Un impact méconnu des pépins sur la sucrosité du vin
Les pépins jouent un rôle clé dans la perception sucrée des vins secs. C’est ce que nous enseignent de récents travaux menés à l’ISVV de Bordeaux. Les chercheurs ont mis en évidence la présence de deux nouvelles molécules du vin : l’epi-DPAG et l’AGG.
Les pépins jouent un rôle clé dans la perception sucrée des vins secs. C’est ce que nous enseignent de récents travaux menés à l’ISVV de Bordeaux. Les chercheurs ont mis en évidence la présence de deux nouvelles molécules du vin : l’epi-DPAG et l’AGG.

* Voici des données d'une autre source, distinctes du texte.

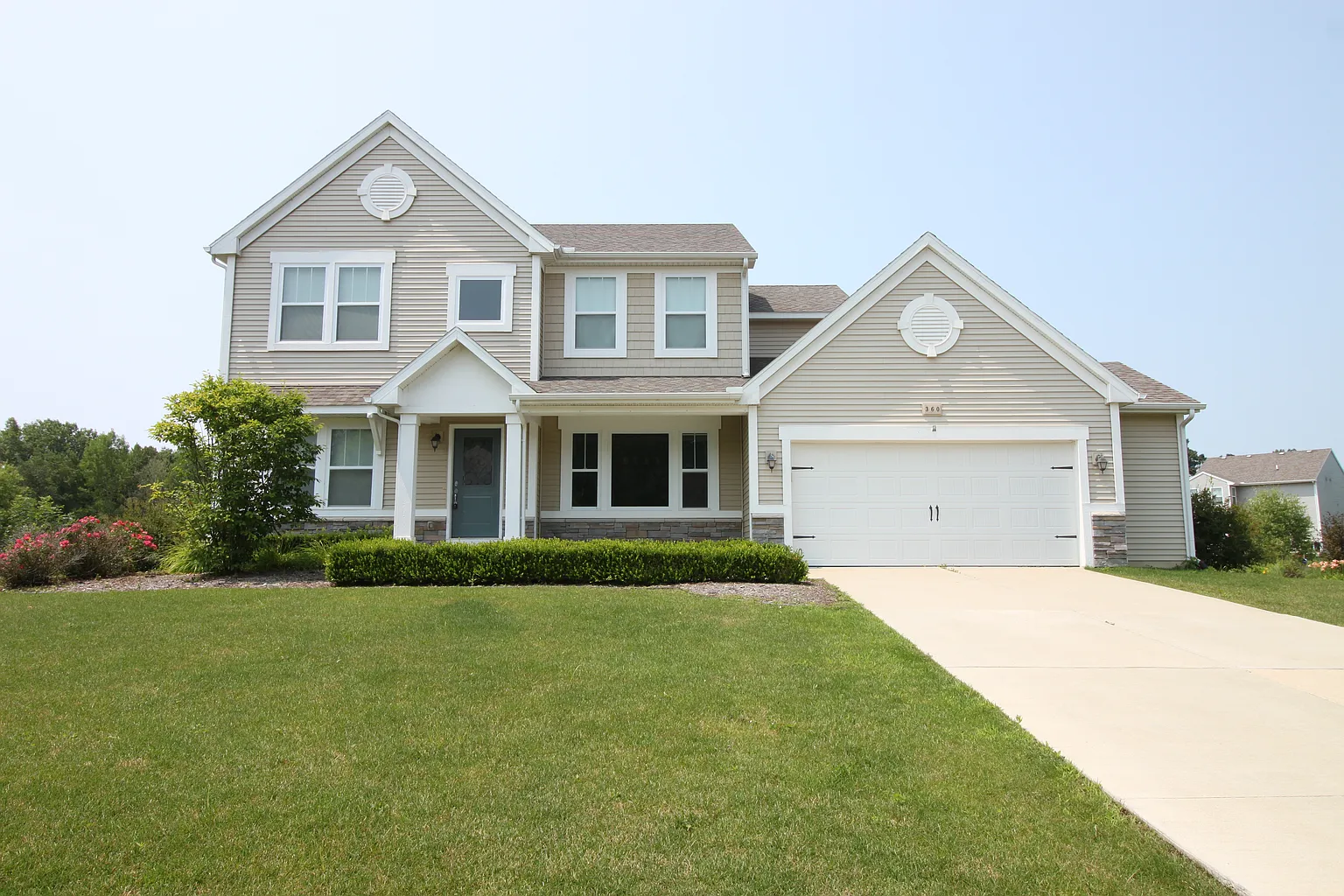 360 Winged Foot Dr photo 1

« Cela fait plusieurs années que nous travaillons sur la saveur sucrée des vins secs, rappelle Axel Marchal, chercheur à l’ISVV de Bordeaux. De manière empirique, nous avions observé une augmentation de la sucrosité des rouges durant la macération post-fermentaire à chaud. » Ce que viennent confirmer les travaux de thèse récemment menés par Blandine Cretin. Au cours de ses essais, la scientifique a pu mettre en évidence la présence de deux nouvelles molécules dans le vin. Il s’agit de l’acide epi-DPA-3’-O- β-glucopyranoside (epi-DPAG) et de l’acide gallique-4-O-β-glucopyranoside (AGG).

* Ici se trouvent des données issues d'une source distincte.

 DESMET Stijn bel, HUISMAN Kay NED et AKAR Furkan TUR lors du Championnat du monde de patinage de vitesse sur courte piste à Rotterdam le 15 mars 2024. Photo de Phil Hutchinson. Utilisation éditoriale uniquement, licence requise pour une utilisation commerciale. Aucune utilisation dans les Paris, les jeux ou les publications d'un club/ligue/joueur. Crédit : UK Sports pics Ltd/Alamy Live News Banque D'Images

Ces deux composés proviennent directement des pépins et participent à la saveur sucrée des vins secs. Pour arriver à ces conclusions, l’équipe de recherche a d’abord comparé des modalités écoulées juste après la fermentation alcoolique (FA) à d’autres écoulées après dix jours de macération post FA. « Nous avons constaté une réelle différence en termes gustatifs, observe Axel Marchal, qui a encadré la thèse. Mais cela pouvait provenir uniquement de l’autolyse des levures, dont nous avons démontré il y a quelques années le rôle édulcorant. Il nous fallait creuser. » Les scientifiques ont donc ajouté des lies dans la modalité écoulée juste après FA et malgré cela, la dégustation a confirmé davantage de sucrosité dans le lot avec macération.

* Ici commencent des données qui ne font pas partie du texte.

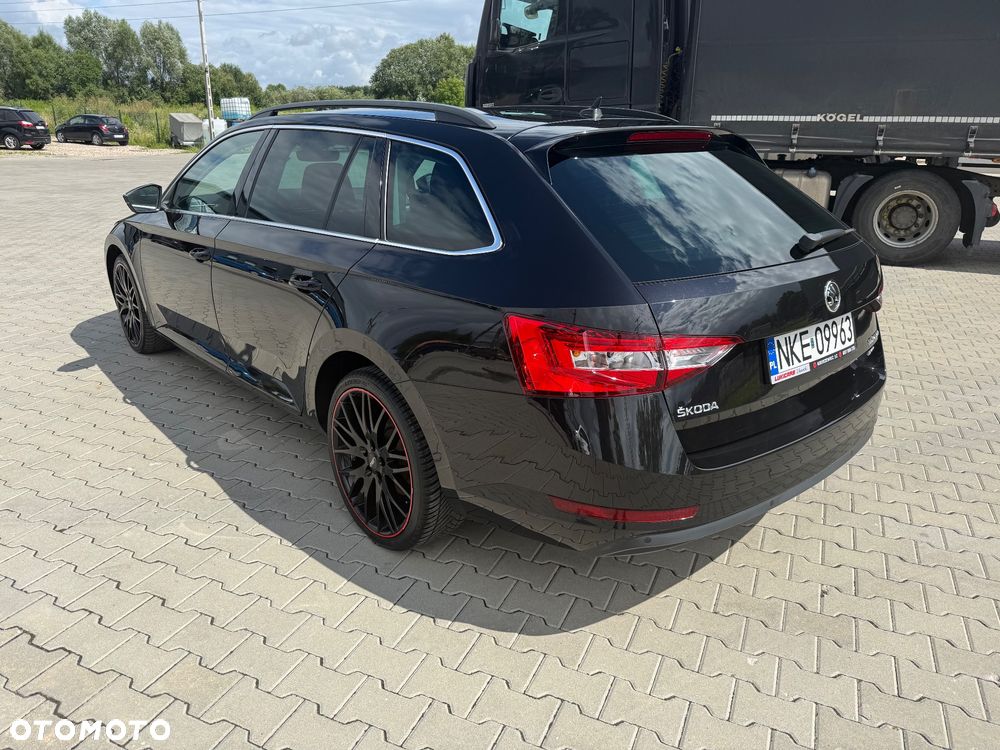 Skoda Superb 2.0 TDI 4x4 DSG Premium Edition - 6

L’epi-DPAG, une molécule présente dans les rouges comme dans les blancs
« Nous avons donc reconduit une expérience historiquement décrite dans un vieux traité de vinification et relatée par Émile Peynaud dans Le Vin et les Jours », poursuit Axel Marchal. À savoir, comparer une vinification classique avec vendange éraflée et foulée, à un itinéraire avec vendange éraflée et épépinée. « Quand on ôte les pépins, les indicateurs classiques restent stables, souligne-t-il. L’indice de polyphénols totaux (IPT) ne diminue pas significativement. En revanche, on obtient des vins paradoxalement plus astringents, avec moins de sucrosité. » Bien sûr, ces expériences ont été menées avec des pépins considérés comme mûrs par leur vinificateur. Par la suite, les chercheurs se sont appuyés sur des techniques séparatives pour mettre en lumière la présence d’epi-DPAG et d’AGG.
Sur une soixantaine de vins analysés, ils notent des concentrations moyennes de 8 microgrammes par litre (mg/l) d’epi-DPAG dans les rouges, contre 4 mg/l dans les blancs. De son côté, la teneur en AGG avoisine 100 mg/l dans les vins rouges alors qu’elle est quasi nulle dans les blancs. « Nous avons fait des tests en solutions modèles, en rajoutant ces deux molécules à des concentrations semblables à celles que nous avions trouvées dans un quart des vins analysés », commente Axel Marchal.
Du point de vue sensoriel, le panel de dégustateurs a noté une différence significative, avec davantage de sucrosité par rapport à la modalité témoin. Mais est-ce dû à ces seules molécules ou est-ce un effet cocktail, interroge l’œnologue. « Car nous avons trouvé deux autres composés liés à la saveur sucrée, mais peu présents dans les pépins. » Reste à déterminer les facteurs viticoles pouvant impacter les concentrations en epi-DPAG et en AGG, ou les pratiques œnologiques à même de favoriser leur libération. Enfin, les chercheurs poursuivent leurs travaux pour déterminer la stabilité de ces deux molécules dans le temps.
comprendre
L’ISVV de Bordeaux mis en évidence deux nouvelles molécules présentes dans les pépins, et en partie responsables de la saveur sucrée des vins secs. Si ces composés ont pu être quantifiés dans le vin, leur seuil de perception reste à déterminer.
L’epi-DPAG (l’acide epi-DPA-3’-O- β-glucopyranoside) a été dosé autour de 8 mg/l dans les vins rouges et 4 mg/l dans les blancs.
L’AGG (acide gallique-4-O-β-glucopyranoside) a une teneur proche de 100 mg/l dans les rouges. En revanche, il est quasiment absent dans les vins blancs.